The Trump administration often speaks as though any nation that disagrees with American policy is not merely mistaken but evil — a word deployed so casually that it becomes a kind of moral solvent. Once an adversary is labeled evil, almost anything done to them begins to feel justified. We speak casually about annihilation, targeted killings, and the destruction of civilian infrastructure as though such language were routine. Even the public discussion surrounding possible strikes on Iranian leadership carried, at times, an air of open bravado. And beneath it all lies a political truth modern democracies rarely admit: it is far easier to sustain public support for war when the adversary is cast as a moral monstrosity rather than a nation pursuing its own interests.
Some of the finest war films understood this tension. Grand Illusion especially portrayed enemies who remained recognizably human even amid conflict.

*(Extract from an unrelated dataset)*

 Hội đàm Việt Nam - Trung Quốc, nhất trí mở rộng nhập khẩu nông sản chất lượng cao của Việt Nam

Even in bitter modern wars, occasional stories emerge of small acts of decency between combatants and prisoners. War is not always Bataan; cruelty is not the only register available to human beings in uniform.
But modern conflict is increasingly framed in absolute moral language. The Cold War was presented as a struggle between freedom and evil empire. The Iraq wars, Afghanistan, and many recent conflicts involving Israel carried similar undertones of civilizational struggle. Strategic disputes become moral crusades. Opponents become embodiments of evil rather than nations pursuing interests, however harshly or cynically.

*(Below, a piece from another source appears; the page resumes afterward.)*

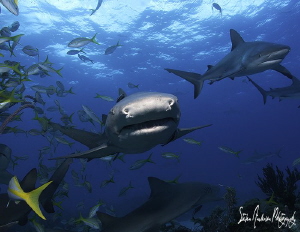 Lemon in your face, this image was taken at Shark Paradis... by Steven Anderson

This is the danger of approaching war through the assumption that the adversary is evil. Our military operates under a Code of Conduct. We submit to the Geneva Conventions and to international norms not because our enemies are always virtuous, but because disciplined nations understand how quickly war drags human beings toward barbarism. The rules exist to keep us from tumbling in. And they work not only because we follow them, but because they create a framework of reciprocity that protects our own soldiers and civilians even when the other side falls short.
The Geneva Conventions are not sentimental. They are practical. They protect our soldiers when captured. They protect civilians when the tables turn. They remind us that the purpose of discipline is not only to win battles but to preserve our own humanity while doing so.
Perhaps, then, the answer is not to take no quarter, but to take a moment — to remember that the line between war and barbarism is thinner than we like to admit, and that the rules we impose on ourselves are often the only things preventing that line from disappearing entirely.